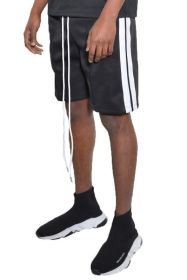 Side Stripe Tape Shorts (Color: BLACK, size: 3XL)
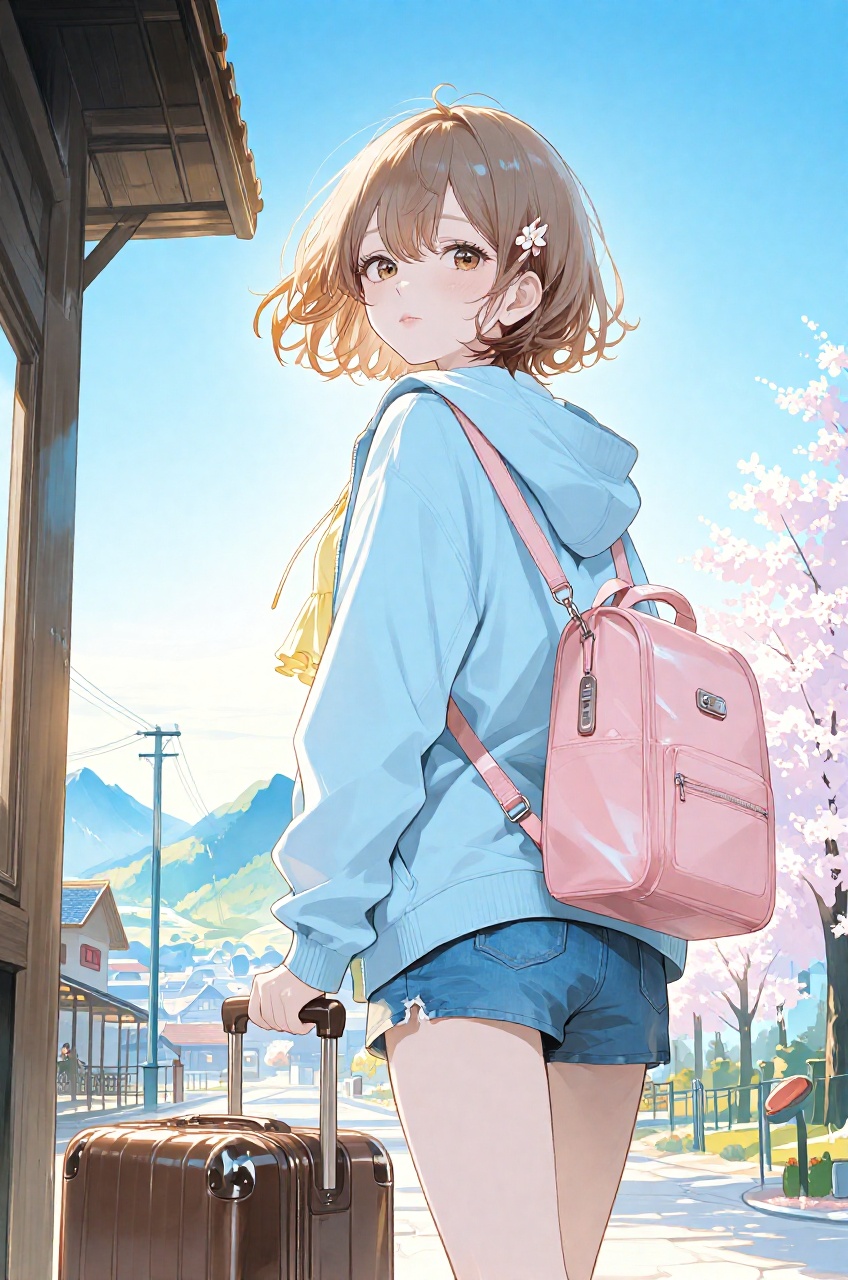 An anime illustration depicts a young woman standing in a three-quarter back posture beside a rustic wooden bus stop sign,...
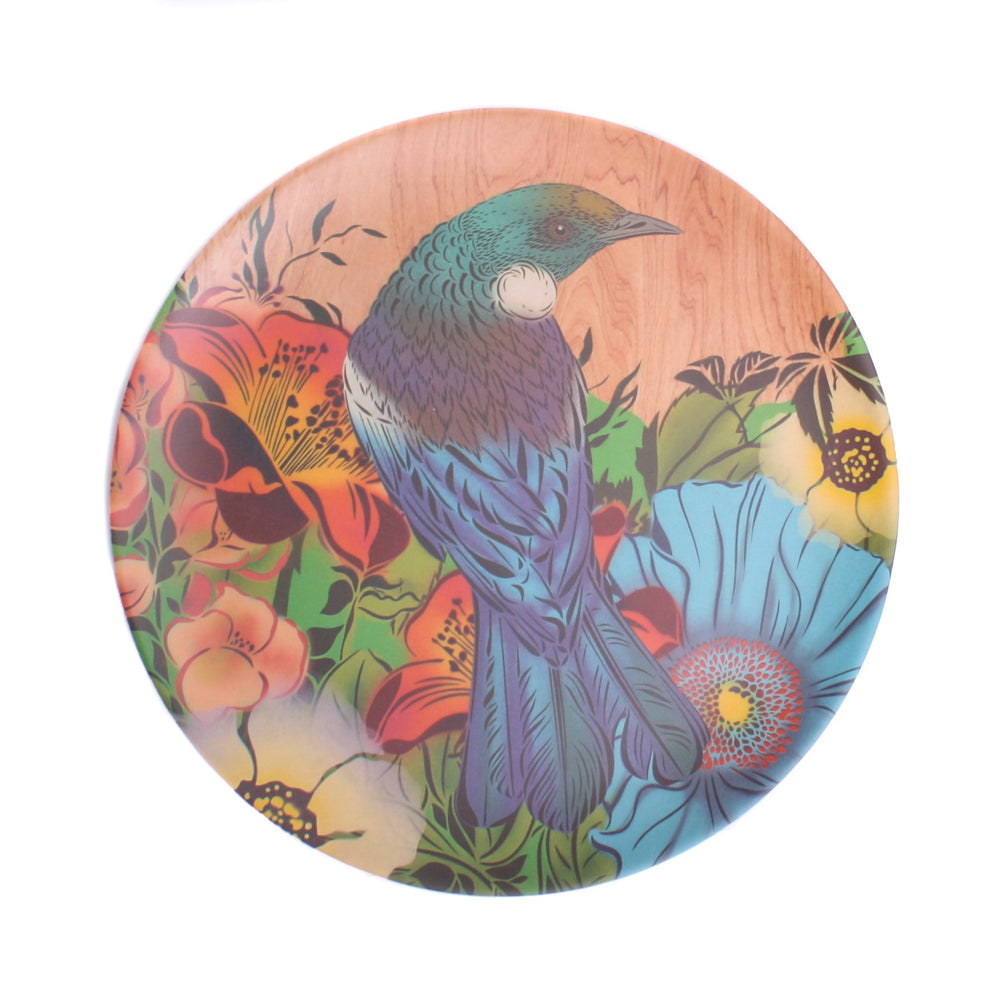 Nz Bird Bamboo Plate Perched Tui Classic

---

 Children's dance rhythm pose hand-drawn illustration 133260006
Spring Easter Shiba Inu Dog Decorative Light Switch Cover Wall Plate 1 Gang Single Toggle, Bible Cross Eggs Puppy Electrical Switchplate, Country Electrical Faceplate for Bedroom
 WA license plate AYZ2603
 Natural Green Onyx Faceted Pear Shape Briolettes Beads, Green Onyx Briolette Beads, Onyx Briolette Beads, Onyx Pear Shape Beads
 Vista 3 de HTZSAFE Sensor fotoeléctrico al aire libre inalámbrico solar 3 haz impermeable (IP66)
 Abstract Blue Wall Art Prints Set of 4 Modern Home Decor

--

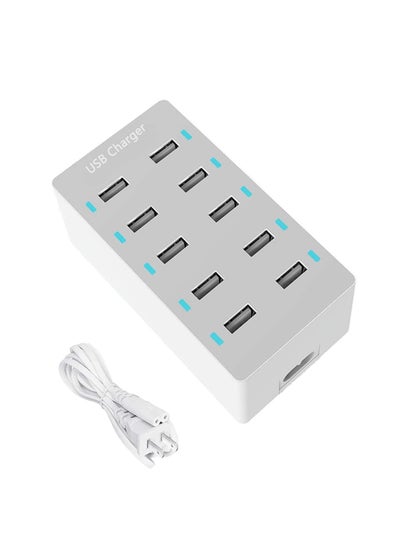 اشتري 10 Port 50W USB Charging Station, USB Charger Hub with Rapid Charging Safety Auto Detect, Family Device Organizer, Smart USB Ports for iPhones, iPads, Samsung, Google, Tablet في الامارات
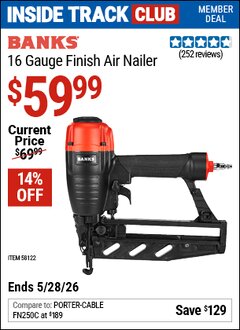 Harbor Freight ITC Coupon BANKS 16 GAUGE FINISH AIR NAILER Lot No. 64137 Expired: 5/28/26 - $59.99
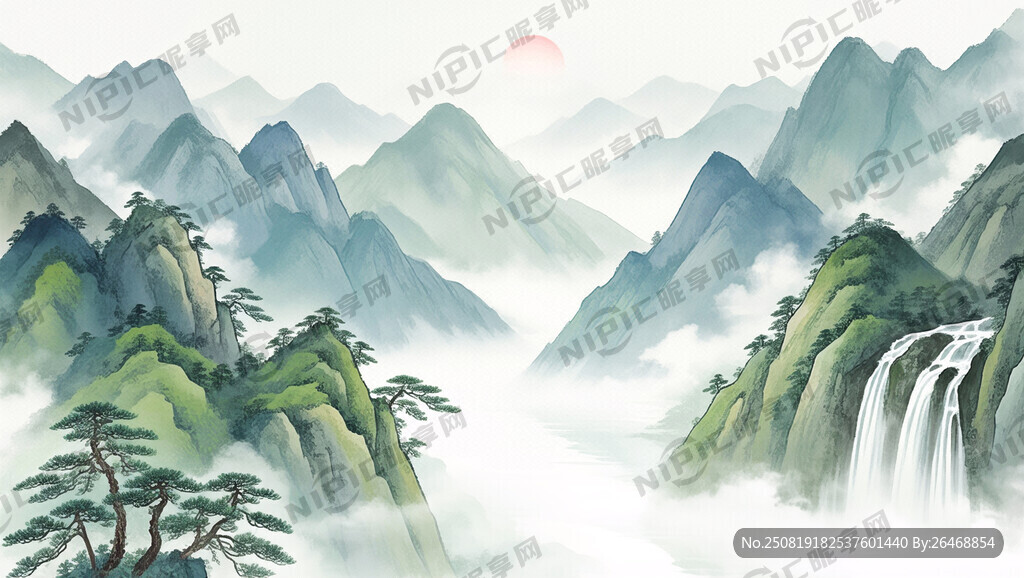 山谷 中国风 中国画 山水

=== EXERCISE PROMPT ===
Write back the stretch of lines above that begins with the line holding "Harbor Freight ITC" and ends with the line holding "山谷 中国风 中国画 山水", both included, exactly as written. Pictures stay out.

=== FINAL ANSWER ===
 Harbor Freight ITC Coupon BANKS 16 GAUGE FINISH AIR NAILER Lot No. 64137 Expired: 5/28/26 - $59.99
 山谷 中国风 中国画 山水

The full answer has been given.